Comic Con Exclusive: Batman: Year One


By Dan Horn
July 26, 2011 - 11:22

batman-year-one.jpg
If you've read Frank Miller's Batman: Year One, don't expect many surprises going into the iconic story's animated film adaptation. In a Q&A session about the film, producer and legendary animator Bruce Timm was asked how he made Year One his own. To which he replied, "I didn't. This is Frank Miller and David Mazzucchelli's comic book." The film really is a direct translation of Miller and Mazzucchelli's four-issue Batman run from 1987, the script almost verbatim from the books.

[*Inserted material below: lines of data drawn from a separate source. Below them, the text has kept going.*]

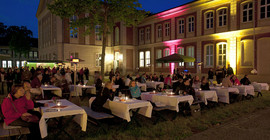 Veranstaltung der Universitätsgesellschaft auf dem Campus Am Neuen Palais: Gäste sitzen an Tischen auf dem Innenhof der Mensa.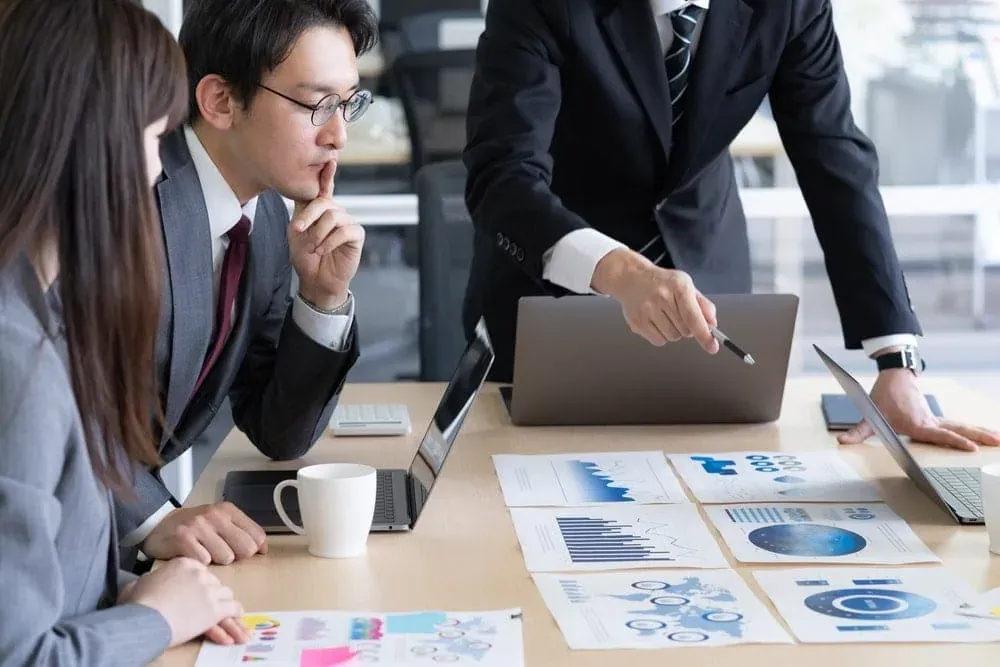 Business meeting with charts and laptops on table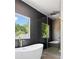 Modern shower features black, textured tile, a glass door, gold fixtures, and a rainfall shower head at 2808 Hosea L Williams Dr, Atlanta, GA 30317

The story oscillates between Lt. James Gordon, a recent transfer to the  Gotham City Police Department, and Bruce Wayne, the wealthy "Prince of Gotham" recently returned from a self-imposed exile after witnessing his parents' murders. Gordon finds himself in a precarious position when he uncovers just how corrupt GCPD really is, but, with his pregnant wife at home, he's got everything to lose should he go against the grain. Meanwhile Bruce has finished his extensive physical and mental training to exact vengeance on the Gotham underworld for the death of his mother and father, and when he dons the mantle of Batman he and the crooked GCPD Commissioner Loeb are set on a fateful collision course, one that puts James Gordon in a moral quandary that he can't easily shake off.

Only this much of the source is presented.